Characterised by Jan Kott, one of the twentieth century’s great theatre heads, as ‘the most erotic of Shakespeare’s plays’, Midsummer is at the very least a fantasia on love and attraction with all kinds of delectable invitations for actors: Those young ones falling in and out of love so much faster than possible in real life (or not). Lysander goes from a sleeping start to breaking the love-o-meter in no time flat (‘And run through fire I will for thy sweet sake!’). Titania, Queen of the Fairies, similarly goes #fullforceseductive on Bottom, whose head happens to have been ‘translated’ by enchantment into that of an ass (‘And thy fair virtue’s force perforce doth move me / On the first view to say, to swear, I love thee’)—and there is no way that she just wants to be friends. We know too well how Sudden Onset Love Bomb strikes nine out of ten otherwise sensible adults, how objects of affection sometimes bear no resemblance to our cherished waking fantasies. The laughable reversals are explained away by Puckish mischief, but isn’t that a call to the actor’s capacity for grown-up playing of the impossible as probable?
I don’t know about anyone else, but for me part of the thrill of acting—and, in particular, acting Shakespeare—comes from the delight in trying on other bodies, other realities rigged for fantastic angles upon thinking and feeling, no matter how much a production attempts to emphasise lines of connection to our own contexts. How does one approach the challenge of embodying a member of the fairy community? And what variation on human being is provided by these non-human entities, at least the king and queen of which, Oberon and Titania, appear to argue all too much like grown-ups, which is to say like children. From what angle on reality might usefully come the query, ‘Lord, what fools these mortals be?’, so that it carries a different weight than if uttered by one of our own as humans?
Midsummer makes room for the doubled play frame of living ourselves as actors, sweet, obnoxious, sad, sometimes clueless beings that we are.
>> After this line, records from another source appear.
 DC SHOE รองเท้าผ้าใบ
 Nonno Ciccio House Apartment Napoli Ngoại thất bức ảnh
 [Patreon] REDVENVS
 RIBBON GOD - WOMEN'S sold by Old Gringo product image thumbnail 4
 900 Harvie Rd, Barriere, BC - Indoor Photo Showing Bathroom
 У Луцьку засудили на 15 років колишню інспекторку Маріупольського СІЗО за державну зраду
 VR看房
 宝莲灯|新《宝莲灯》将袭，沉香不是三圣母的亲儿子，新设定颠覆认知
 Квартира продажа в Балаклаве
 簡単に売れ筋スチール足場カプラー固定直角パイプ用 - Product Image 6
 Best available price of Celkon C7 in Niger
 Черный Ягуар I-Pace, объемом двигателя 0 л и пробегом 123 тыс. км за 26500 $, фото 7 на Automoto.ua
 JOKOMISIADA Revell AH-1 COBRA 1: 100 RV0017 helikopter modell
A child’s version of her mother or father may in passing expose both heartwarming and unflattering truths, and here are Peter Quince’s gang of ‘hempen homespuns’, offering plenty of room for such playful critique. Theatremaking is different than it was in Shakespeare’s day and actors don’t go about their business in the same ways, but his plays still produce the keys to fantastic snares for thought and feeling and we still have Bottoms who want to play all the parts.
Actors are called upon to throw themselves into alternative realities as fully as kids on the playground, and Shakespeare may be one of the most demanding in terms of applying childlike abandon to adult desire, thought and feeling. Yes, theatre is a form of communal playing amongst all those party to a performance – actors, directors, designers, and each new collection of spectators – and Shakespeare remains one of our coolest gamemasters.